Managers discussed the ways to duly manage resources of organization with a professor of finance Mykhaylo Kolisnyk, a managing partner of ‘FINART Smart Solutions’. ‘I’d rather use the term ‘financial accounting’, not the ‘bookkeeping records’. When you say ‘bookkeeping’ then you immediately imagine a huge pile of documents and a frustrated tired lady behind it. Instead, an expression ‘financial accounting’ is usually associated with a handsome American style gentleman wearing a suit who is doing his best to meet the needs of a company, not the tax administration, and to protect it from the enemy attacks,’ a lecturer makes a witty remark.

Pavlo Sheremeta, Director of the UCU School of Public Management, Head of LvBS Advisory Council at the KEMBA module delivered a course on ‘Breakthrough Strategies’. 

 Pavlo Sheremeta, LvBS

On the basis of his own experience, he was comparing development strategies of different countries and identified the most important vectors for the development of Ukraine. ‘In many developed countries, some 9 tourists create one job. In Lviv, one job correlates with 26 tourists. I do not mean you need to charge an arm and a leg and overprice things.
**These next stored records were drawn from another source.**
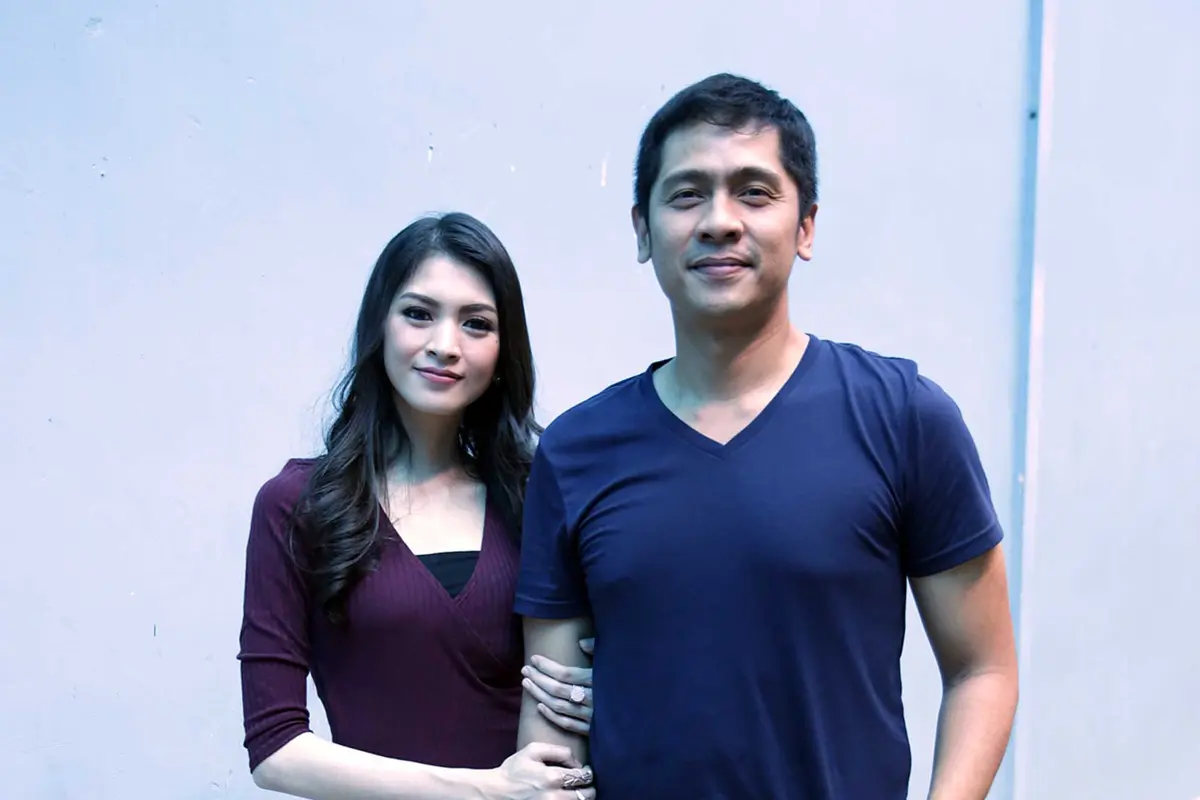 [Bintang] Donita dan Adi Nugroho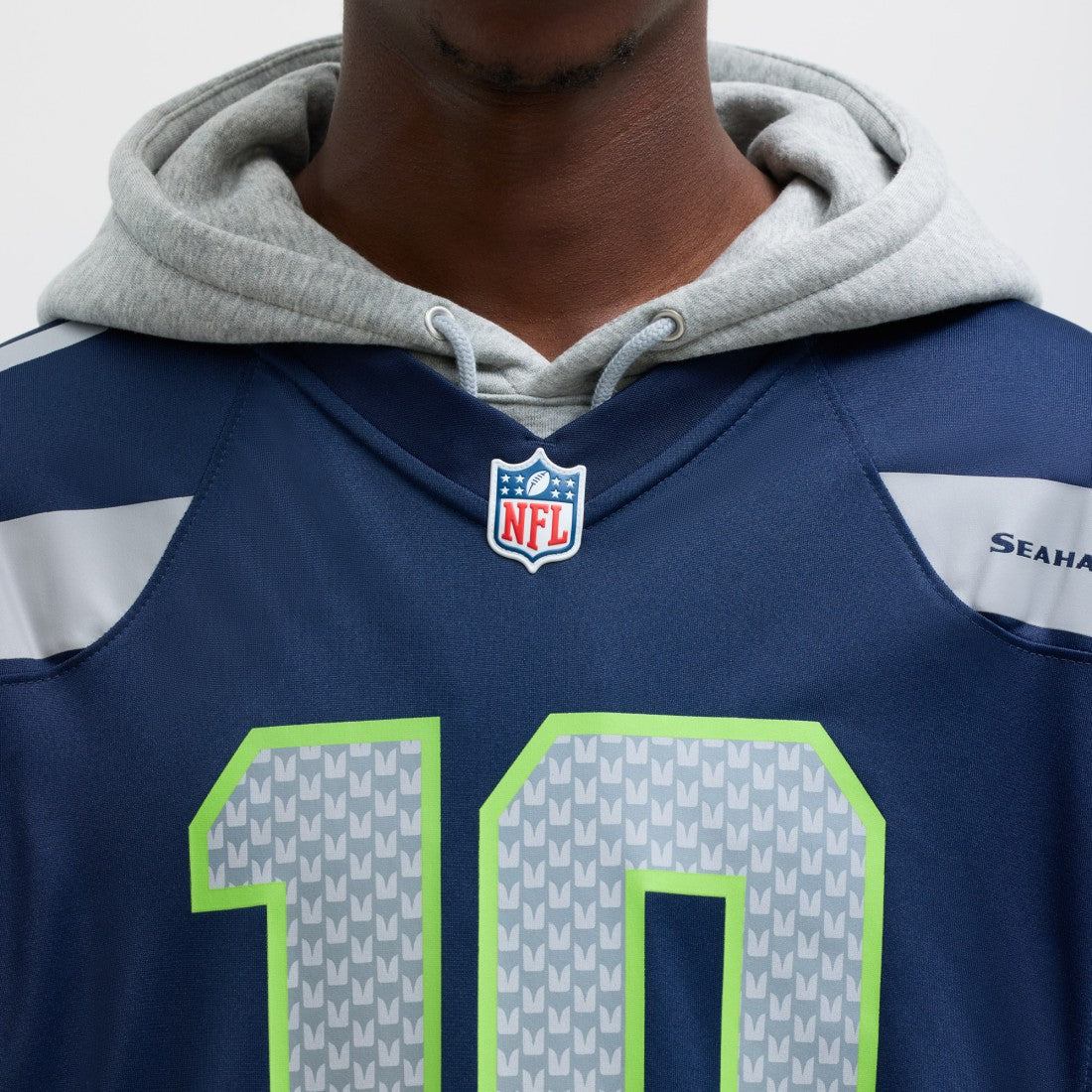 Cooper Kupp Seattle Seahawks Team Game Jersey - College Navy | Nike sale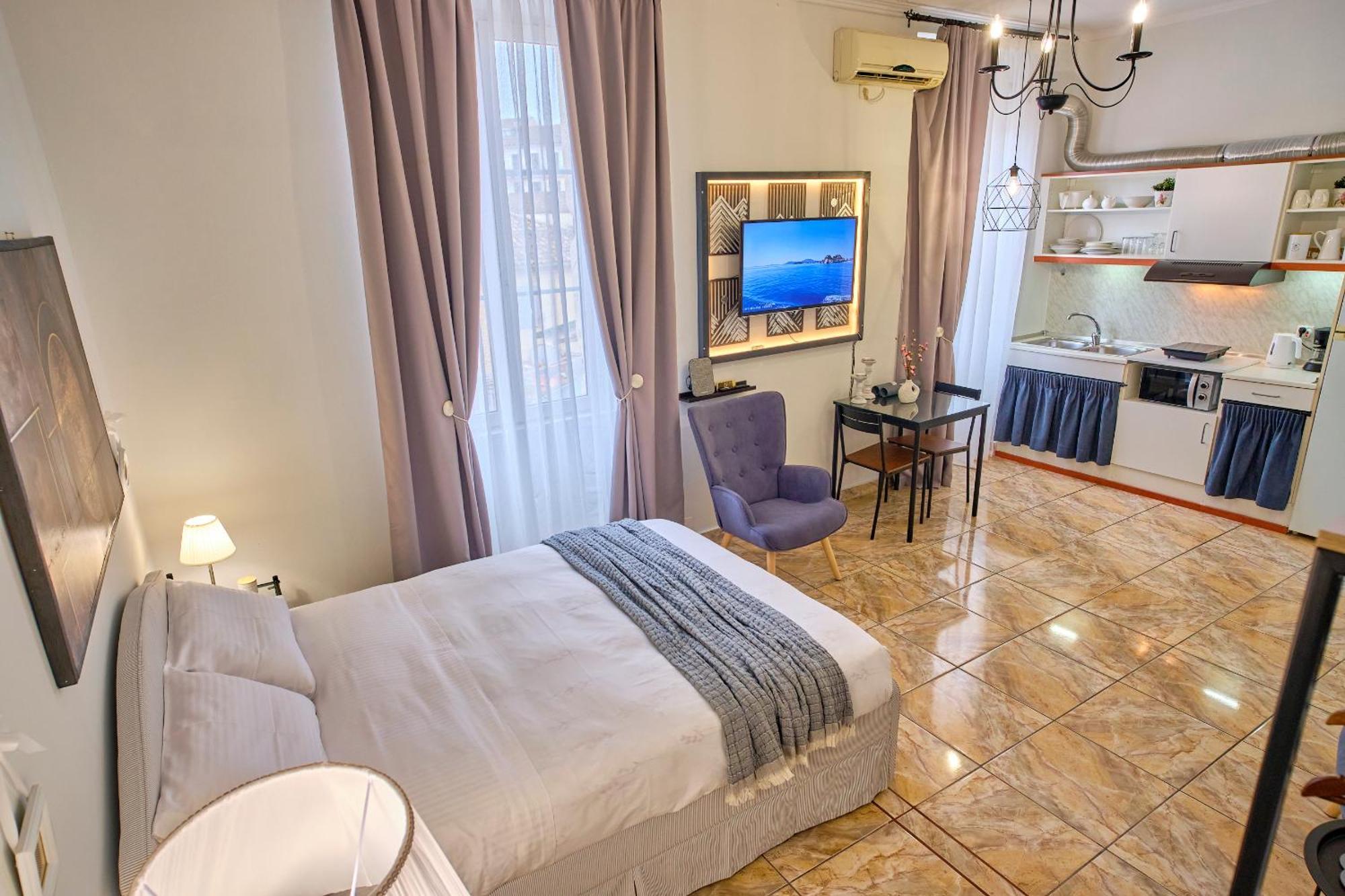 Apartament Anesis Old Corfu Town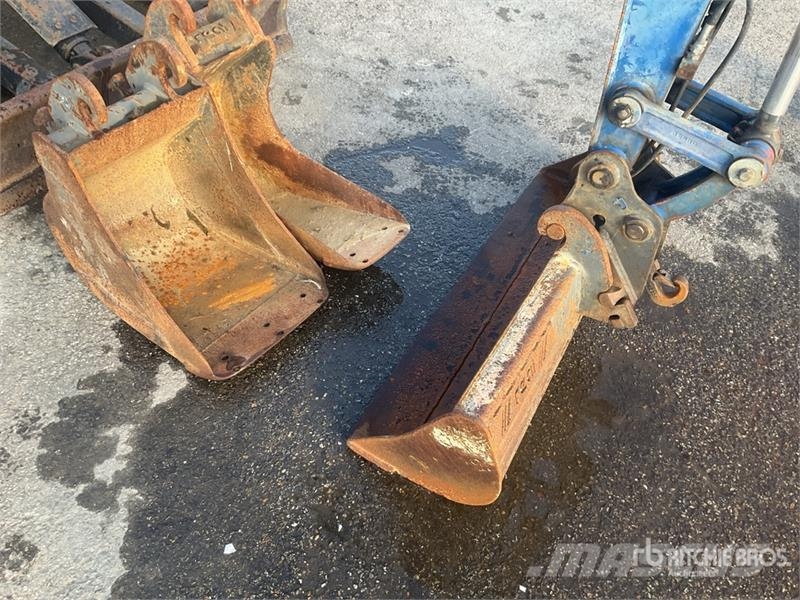 Kubota U27-4 Mini Excavator Mini bagri <7t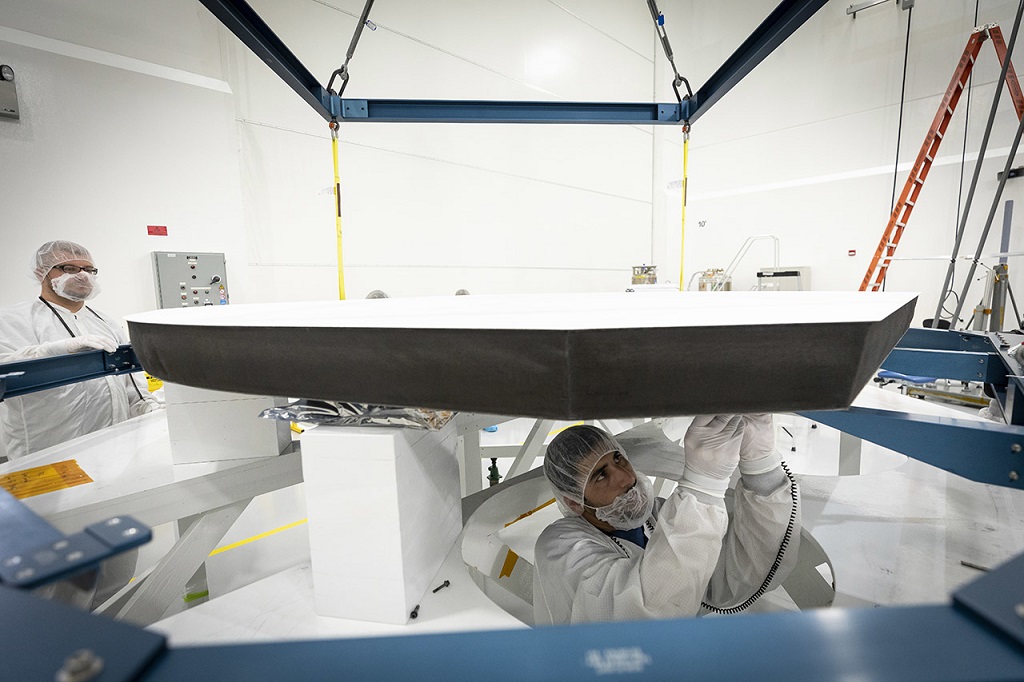 NASA Pasang Pelindung Panas ke Parker Solar Probe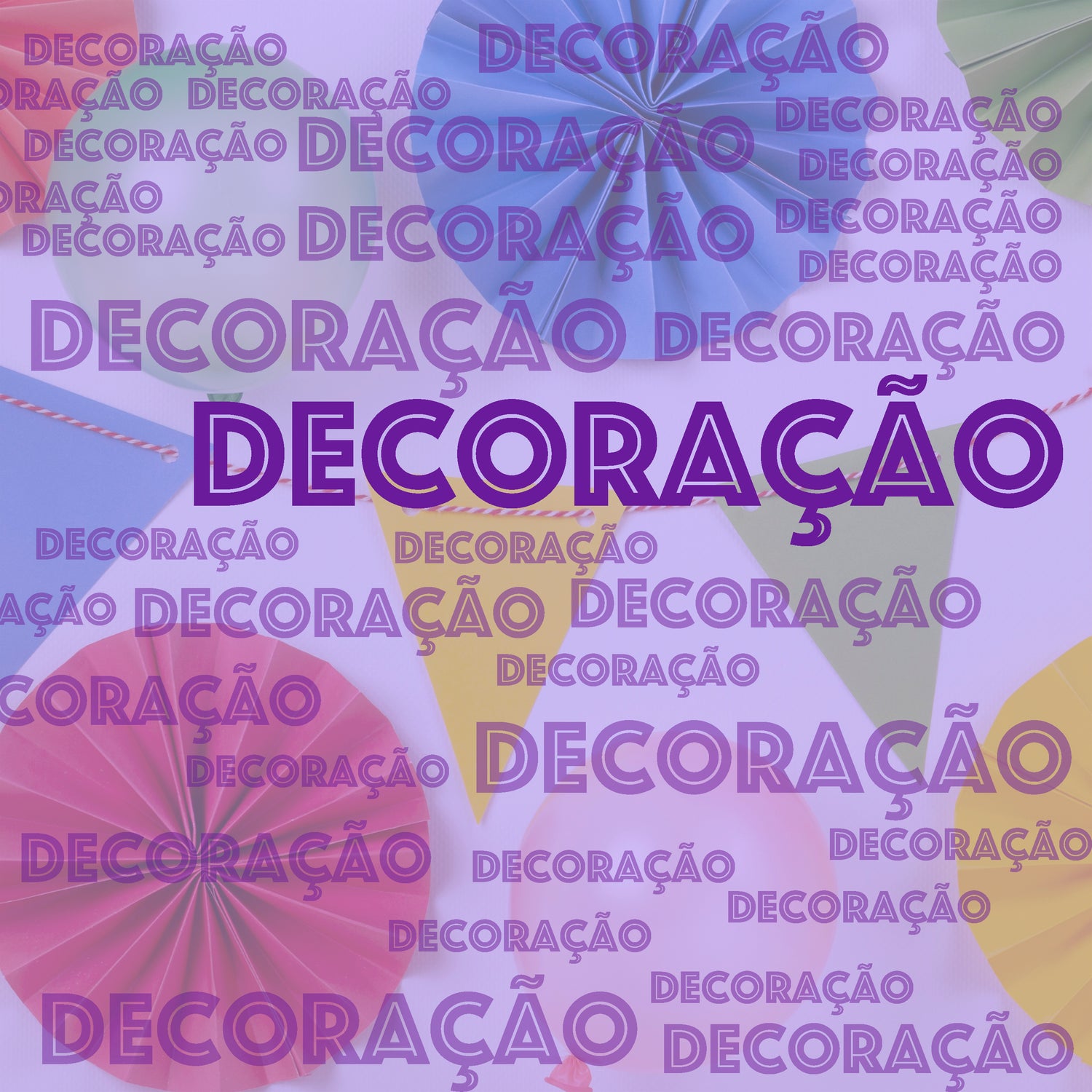 Decoração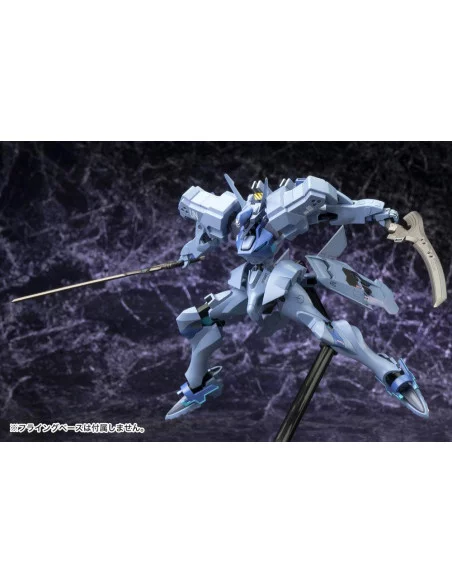 Muv-Luv Alternative Maqueta 1/144 Shiranui Isumi Valkyries 14 cm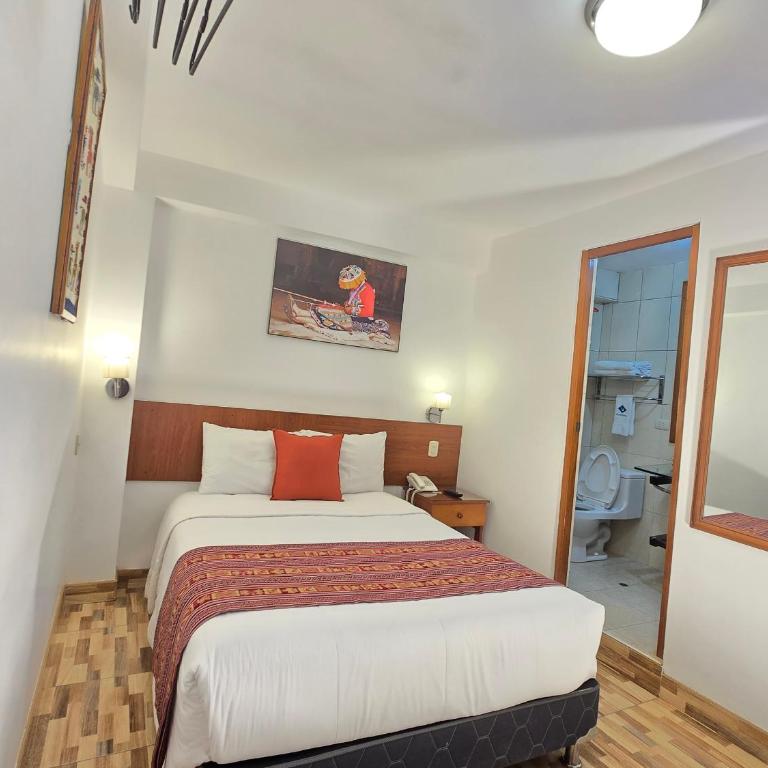 Viandina Machupicchu - Habitación Individual - 21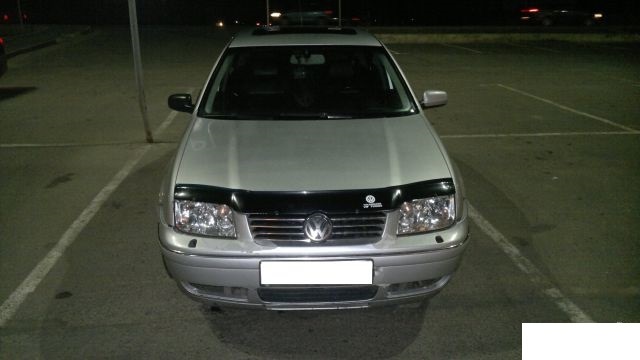 Volkswagen Bora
Instead, you need to raise the level of service and therefore the price.’

In the end of the course, the Key Executive MBA participants were talking with a historian, UCU professor Yaroslav Hrytsak about history and transformation of Ukrainian society.

 Yaroslav Hrytsak, LvbS

‘The most successful countries are those with sustainable development. Even though they have hard times, too. Studies show that a 3:1 parameter usually works. Each three successful years are usually followed by one bad year. However, the GDP in the countries grows. Ukraine also has to shift to sustainable development. But do not confuse the term with ‘fast development’ which can even destroy a country,’ professor warns.